What could be more exciting than inheriting a collection of valuable letters from famous Victorian authors? Well, for Larry Dickerson, the protagonist of N. John Hall’s new epistolary novel,
Correspondence: An Adventure in Letters, the thrill of unraveling the history in these letters quickly proves to be just that, and we, as readers, join him through his adventure. I discovered that I was just as eager as Stephen Nicholls, Larry’s correspondent, to see the next illustration from Thackeray or comment from Dickens.
The back-and-forth format keeps things moving at a brisk pace and there is a lot of information about Victorian literature, but the narrative is light and humorous. Interspersed with discussions of Darwin and George Eliot are Larry’s frank (and often amusing) observations like the following:
I still don’t see why we don’t have a good English phrase for everything . . . I was once going into a deli in the Bronx, and the guy I was with held the door for an attractive young woman and said, “Apres vous,” and she shot him a dirty look as if to say, “Don’t go using any filthy language on me, fella.” Better to keep to English.
I came away from
Correspondence entertained by the characters, educated by the content, and intrigued to find out more. In the effort to do just that, I interviewed the author himself.
Q: I am curious, how did your own journey into the world of Victorian literature begin?
A: In graduate school, at NYU. A course in the Victorian novel by the late Gordon Ray (about whom I’m contemplating a book) got me started.
Q: As an expert in Trollope, did you try to avoid partiality towards him in the novel?
A: I tried to be impartial, but of course no one can be impartial, really. My passion for Thackeray’s
Vanity Fair, for example, finds expression in Larry Dickerson, the book’s unlettered main character. Larry also likes Trollope and belittles Wilkie Collins—prejudices of my own.
Q: You must have a great deal of experience with original manuscripts: do you identify, therefore, with Larry’s fervor in transcribing his stash of letters?
A: Yes indeed. Transcribing can be exciting. But I myself would be more willing than Larry to ask help. Sometimes a word you are trying to decipher just leaps out at another pair of eyes.
Q: Your career has been spent writing scholarly books. What was it like to try your hand at fiction, and did you prefer one style to the other?
A: I don’t prefer one to the other. However, there are critics who claim that biographies, for example, are really “novels”—not a view I subscribe to, although I can understand it.

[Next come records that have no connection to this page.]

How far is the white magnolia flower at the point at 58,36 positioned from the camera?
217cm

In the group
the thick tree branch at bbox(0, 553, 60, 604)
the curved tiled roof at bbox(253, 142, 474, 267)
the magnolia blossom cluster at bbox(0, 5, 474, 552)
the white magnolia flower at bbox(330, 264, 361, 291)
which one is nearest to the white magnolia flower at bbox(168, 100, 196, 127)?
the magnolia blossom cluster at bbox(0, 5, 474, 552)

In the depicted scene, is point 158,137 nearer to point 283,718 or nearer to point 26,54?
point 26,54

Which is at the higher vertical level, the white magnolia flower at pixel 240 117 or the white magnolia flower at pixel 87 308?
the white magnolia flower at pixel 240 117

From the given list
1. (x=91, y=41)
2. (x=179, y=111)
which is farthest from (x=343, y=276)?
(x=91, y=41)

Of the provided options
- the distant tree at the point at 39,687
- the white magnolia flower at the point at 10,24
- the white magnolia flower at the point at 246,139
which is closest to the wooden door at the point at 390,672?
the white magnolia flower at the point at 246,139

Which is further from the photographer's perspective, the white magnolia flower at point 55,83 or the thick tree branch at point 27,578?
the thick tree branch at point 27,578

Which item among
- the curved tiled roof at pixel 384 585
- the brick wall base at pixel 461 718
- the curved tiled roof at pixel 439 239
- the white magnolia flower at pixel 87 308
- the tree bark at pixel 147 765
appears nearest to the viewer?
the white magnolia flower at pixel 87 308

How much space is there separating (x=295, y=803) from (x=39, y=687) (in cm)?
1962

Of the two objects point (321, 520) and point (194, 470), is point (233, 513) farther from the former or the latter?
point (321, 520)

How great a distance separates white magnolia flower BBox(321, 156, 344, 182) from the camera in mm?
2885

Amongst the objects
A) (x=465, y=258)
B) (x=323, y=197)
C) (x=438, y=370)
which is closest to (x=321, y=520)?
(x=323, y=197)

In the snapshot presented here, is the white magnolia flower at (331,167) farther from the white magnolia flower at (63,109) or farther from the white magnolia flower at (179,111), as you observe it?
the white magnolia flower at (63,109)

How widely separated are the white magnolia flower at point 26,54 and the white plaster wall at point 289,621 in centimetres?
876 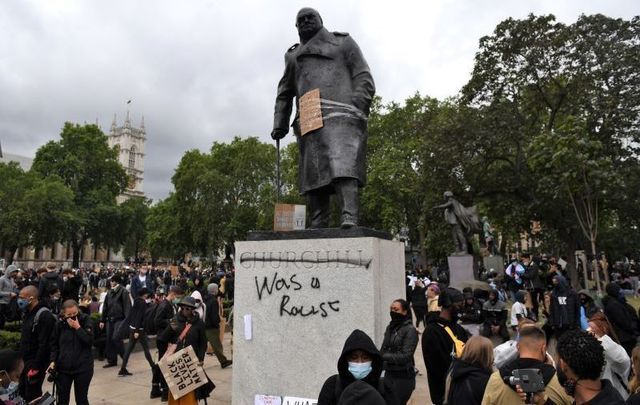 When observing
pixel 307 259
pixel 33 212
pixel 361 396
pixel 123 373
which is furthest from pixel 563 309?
pixel 33 212

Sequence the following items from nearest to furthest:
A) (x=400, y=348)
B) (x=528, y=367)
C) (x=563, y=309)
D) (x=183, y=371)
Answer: (x=528, y=367)
(x=400, y=348)
(x=183, y=371)
(x=563, y=309)

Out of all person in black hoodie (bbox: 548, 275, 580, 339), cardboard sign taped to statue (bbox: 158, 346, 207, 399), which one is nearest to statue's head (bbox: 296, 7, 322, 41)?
cardboard sign taped to statue (bbox: 158, 346, 207, 399)

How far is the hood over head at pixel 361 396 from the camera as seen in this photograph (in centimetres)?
215

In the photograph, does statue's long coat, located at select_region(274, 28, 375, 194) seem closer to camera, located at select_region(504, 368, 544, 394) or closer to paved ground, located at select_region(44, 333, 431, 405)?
camera, located at select_region(504, 368, 544, 394)

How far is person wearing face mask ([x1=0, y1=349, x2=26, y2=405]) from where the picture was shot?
10.1 feet

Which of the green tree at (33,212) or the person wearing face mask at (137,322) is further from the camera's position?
the green tree at (33,212)

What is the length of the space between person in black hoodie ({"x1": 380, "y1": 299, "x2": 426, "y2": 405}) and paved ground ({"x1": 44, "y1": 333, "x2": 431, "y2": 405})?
192 centimetres

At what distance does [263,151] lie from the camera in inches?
1625

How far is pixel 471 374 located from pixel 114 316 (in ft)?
26.5

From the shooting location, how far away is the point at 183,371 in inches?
202

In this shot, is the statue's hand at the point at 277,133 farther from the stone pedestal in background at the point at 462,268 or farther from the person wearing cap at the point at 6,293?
the stone pedestal in background at the point at 462,268

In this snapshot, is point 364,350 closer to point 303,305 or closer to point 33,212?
point 303,305

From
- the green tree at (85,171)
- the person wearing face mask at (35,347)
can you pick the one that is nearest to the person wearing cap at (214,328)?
the person wearing face mask at (35,347)

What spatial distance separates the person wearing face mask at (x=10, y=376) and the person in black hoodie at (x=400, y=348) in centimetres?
288
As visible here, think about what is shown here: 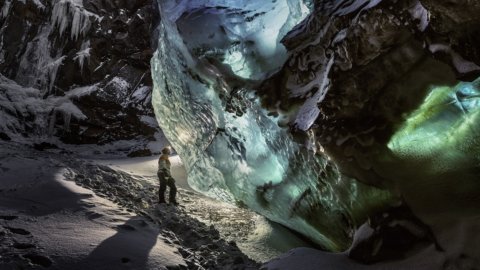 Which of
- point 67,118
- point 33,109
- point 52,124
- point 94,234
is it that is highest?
point 94,234

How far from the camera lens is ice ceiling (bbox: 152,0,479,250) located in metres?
3.97

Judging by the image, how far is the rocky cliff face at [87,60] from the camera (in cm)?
1942

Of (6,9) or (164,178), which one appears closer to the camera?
(164,178)

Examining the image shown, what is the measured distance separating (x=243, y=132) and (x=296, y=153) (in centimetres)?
143

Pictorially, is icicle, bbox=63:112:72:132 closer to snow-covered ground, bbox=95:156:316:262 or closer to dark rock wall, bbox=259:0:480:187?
snow-covered ground, bbox=95:156:316:262

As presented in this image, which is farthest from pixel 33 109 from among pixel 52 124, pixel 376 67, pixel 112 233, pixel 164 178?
pixel 376 67

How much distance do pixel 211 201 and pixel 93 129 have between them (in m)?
12.4

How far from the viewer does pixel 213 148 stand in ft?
22.1

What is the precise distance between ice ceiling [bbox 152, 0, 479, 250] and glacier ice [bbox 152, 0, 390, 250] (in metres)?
0.02

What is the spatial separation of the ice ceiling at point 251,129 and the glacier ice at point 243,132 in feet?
0.05

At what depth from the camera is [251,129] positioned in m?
5.99

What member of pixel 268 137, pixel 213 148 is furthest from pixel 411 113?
pixel 213 148

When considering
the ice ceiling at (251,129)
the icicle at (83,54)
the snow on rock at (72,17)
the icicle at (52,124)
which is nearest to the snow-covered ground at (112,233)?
the ice ceiling at (251,129)

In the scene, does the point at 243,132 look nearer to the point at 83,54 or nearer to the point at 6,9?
the point at 83,54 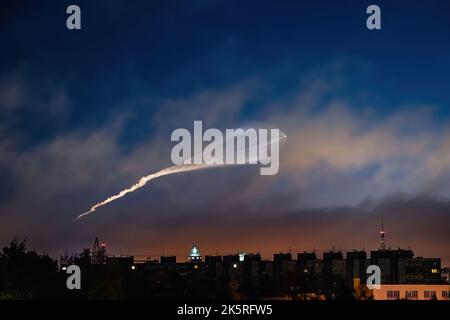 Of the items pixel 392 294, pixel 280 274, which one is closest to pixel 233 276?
pixel 280 274

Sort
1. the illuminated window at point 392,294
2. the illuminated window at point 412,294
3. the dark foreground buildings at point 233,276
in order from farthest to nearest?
the illuminated window at point 392,294 < the illuminated window at point 412,294 < the dark foreground buildings at point 233,276

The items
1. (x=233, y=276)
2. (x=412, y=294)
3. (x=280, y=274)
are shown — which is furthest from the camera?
(x=233, y=276)

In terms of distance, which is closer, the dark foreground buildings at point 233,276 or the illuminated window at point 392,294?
the dark foreground buildings at point 233,276

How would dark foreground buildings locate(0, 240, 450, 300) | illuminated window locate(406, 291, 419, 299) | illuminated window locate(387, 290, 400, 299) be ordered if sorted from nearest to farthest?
dark foreground buildings locate(0, 240, 450, 300) → illuminated window locate(406, 291, 419, 299) → illuminated window locate(387, 290, 400, 299)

Q: What about the sample Victorian letters that the protagonist, Larry Dickerson, forwards to Stephen Nicholls at Christie’s London? How real are those letters?
A: They are pretty “real”—except that they don’t exist. That is, much in them is “borrowed” or based on actual letters and other writings of the authors involved.

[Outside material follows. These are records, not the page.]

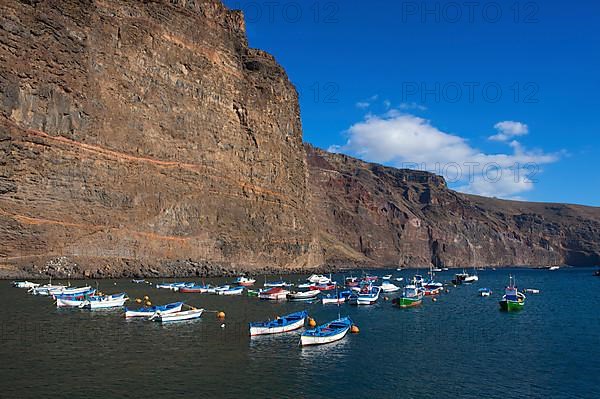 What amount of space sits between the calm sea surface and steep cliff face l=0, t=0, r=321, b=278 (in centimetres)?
2991

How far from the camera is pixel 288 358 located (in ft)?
102

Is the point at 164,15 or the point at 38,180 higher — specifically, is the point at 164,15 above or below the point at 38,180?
above

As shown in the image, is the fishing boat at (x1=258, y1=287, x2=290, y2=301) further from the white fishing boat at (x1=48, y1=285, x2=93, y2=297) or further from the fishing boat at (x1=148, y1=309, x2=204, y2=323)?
the white fishing boat at (x1=48, y1=285, x2=93, y2=297)

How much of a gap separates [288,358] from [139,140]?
69981 millimetres

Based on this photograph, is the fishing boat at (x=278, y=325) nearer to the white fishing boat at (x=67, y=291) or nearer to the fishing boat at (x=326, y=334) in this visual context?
the fishing boat at (x=326, y=334)

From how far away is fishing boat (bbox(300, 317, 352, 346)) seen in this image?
3491 centimetres

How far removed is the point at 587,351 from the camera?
118 ft

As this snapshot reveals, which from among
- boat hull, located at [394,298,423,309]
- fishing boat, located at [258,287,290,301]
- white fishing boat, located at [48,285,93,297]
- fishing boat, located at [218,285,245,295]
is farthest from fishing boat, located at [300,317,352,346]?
white fishing boat, located at [48,285,93,297]

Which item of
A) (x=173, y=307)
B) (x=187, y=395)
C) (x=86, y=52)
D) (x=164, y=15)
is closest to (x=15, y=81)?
(x=86, y=52)

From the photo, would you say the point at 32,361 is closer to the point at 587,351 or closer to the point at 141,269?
the point at 587,351

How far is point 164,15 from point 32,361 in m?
85.6

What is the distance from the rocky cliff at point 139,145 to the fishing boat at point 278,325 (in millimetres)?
49341

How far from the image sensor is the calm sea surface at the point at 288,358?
25.1 metres

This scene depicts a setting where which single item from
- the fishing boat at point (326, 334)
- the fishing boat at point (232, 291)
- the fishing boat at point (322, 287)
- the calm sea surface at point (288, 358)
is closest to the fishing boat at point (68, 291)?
the calm sea surface at point (288, 358) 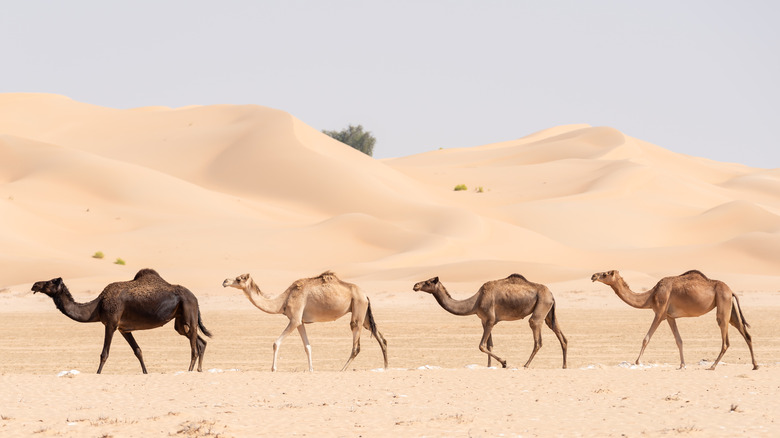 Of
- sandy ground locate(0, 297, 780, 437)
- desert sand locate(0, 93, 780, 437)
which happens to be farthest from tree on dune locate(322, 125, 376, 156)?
sandy ground locate(0, 297, 780, 437)

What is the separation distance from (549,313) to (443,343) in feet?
21.3

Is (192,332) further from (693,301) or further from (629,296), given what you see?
(693,301)

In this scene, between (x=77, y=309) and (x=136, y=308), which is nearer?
(x=136, y=308)

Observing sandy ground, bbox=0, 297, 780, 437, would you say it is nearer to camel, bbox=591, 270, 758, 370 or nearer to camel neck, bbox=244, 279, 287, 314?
camel, bbox=591, 270, 758, 370

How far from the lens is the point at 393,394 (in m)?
14.1

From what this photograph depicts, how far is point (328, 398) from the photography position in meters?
13.8

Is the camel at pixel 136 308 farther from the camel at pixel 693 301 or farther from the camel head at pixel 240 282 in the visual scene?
the camel at pixel 693 301

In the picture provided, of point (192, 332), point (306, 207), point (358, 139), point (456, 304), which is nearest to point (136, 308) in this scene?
point (192, 332)

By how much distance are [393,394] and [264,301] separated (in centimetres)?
340

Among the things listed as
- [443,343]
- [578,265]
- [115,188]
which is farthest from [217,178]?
[443,343]

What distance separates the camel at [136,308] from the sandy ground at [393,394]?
0.67m

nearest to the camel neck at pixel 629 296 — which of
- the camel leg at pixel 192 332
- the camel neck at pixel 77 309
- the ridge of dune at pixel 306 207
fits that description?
the camel leg at pixel 192 332

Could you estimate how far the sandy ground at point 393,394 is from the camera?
11719mm

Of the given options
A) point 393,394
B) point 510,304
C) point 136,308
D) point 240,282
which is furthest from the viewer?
point 510,304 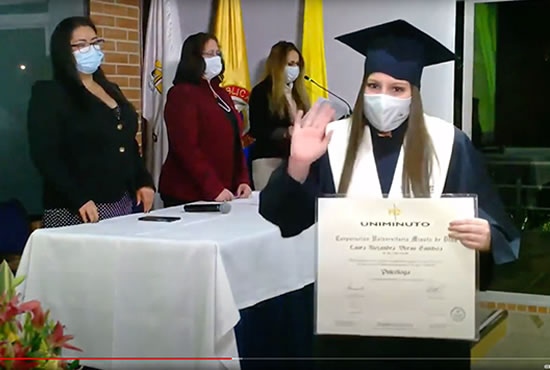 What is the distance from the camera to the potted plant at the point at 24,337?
1280mm

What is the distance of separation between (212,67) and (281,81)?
20 centimetres

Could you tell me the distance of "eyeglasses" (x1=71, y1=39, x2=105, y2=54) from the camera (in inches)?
75.9

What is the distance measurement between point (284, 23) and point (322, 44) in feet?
0.41

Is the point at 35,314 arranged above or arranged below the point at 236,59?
below

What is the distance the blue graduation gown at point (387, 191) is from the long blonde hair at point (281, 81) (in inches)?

Q: In my own correspondence with people from the UK, I often struggle to communicate clearly through the “language barrier.” Was the amusing banter of Larry and Stephen concerning the cultural differences between England and America drawn from personal experience?
A: Yes. I’ve spent a lot of time in the UK and have corresponded with English people for decades. Still, I had to be on my guard about having Stephen Nicholls sound American, or having Larry sound British. For example, early on I had Larry keeping some biographies “to hand,” whereas he would have said he wanted to “keep them handy.” In some cases I had help from English friends—“MacDowell,” for example, to be Scottish must have the capital “D”.

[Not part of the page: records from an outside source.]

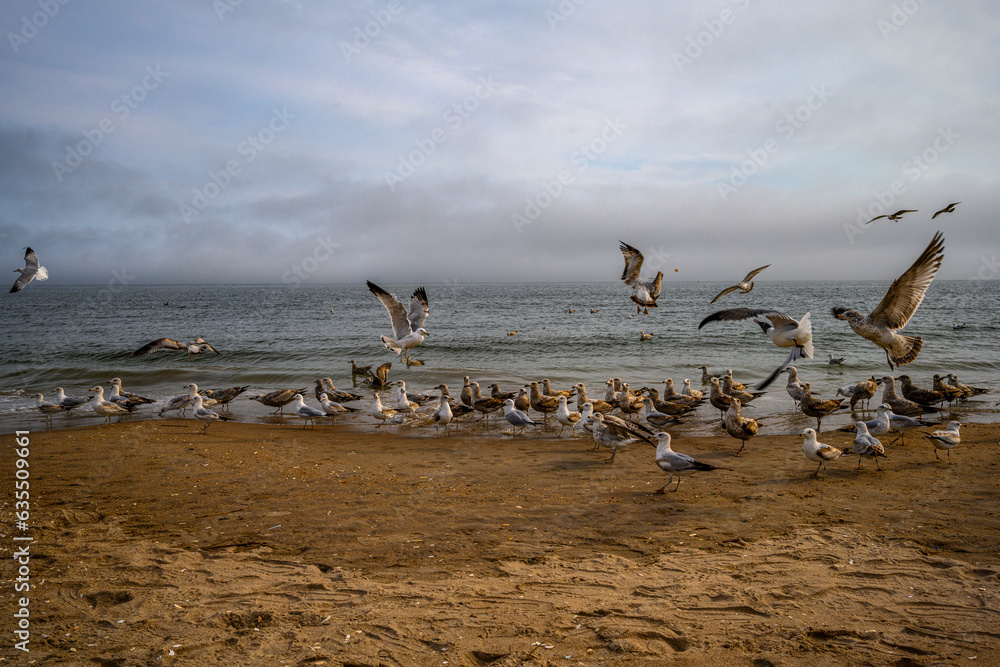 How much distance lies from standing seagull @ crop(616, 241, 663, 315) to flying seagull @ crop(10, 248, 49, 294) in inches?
565

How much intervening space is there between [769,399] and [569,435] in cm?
705

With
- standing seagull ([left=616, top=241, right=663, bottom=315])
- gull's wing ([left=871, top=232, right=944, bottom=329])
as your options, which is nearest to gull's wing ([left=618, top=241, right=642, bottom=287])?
standing seagull ([left=616, top=241, right=663, bottom=315])

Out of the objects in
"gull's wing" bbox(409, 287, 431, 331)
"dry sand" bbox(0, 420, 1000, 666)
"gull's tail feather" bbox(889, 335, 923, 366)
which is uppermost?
"gull's wing" bbox(409, 287, 431, 331)

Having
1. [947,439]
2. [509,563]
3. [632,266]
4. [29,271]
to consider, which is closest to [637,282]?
[632,266]

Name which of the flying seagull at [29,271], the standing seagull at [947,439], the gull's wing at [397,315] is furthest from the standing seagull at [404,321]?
the standing seagull at [947,439]

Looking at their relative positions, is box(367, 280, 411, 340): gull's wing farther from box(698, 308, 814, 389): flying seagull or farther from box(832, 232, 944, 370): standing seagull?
box(832, 232, 944, 370): standing seagull

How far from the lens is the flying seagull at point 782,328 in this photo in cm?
931

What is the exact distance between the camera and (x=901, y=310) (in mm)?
8750

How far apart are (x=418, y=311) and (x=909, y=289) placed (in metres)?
11.0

Q: Where did your inspiration for this novel come from?
A: The kernel of the story was suggested to me by Bob Call—to whom the book is dedicated.
Q: What sort of response would you like this book to inspire in your readers?
A: “Inspiration” is a pretty high sounding—but I would like some few people to take up reading the Victorians, the “golden age of the English novel.” It’s never too late.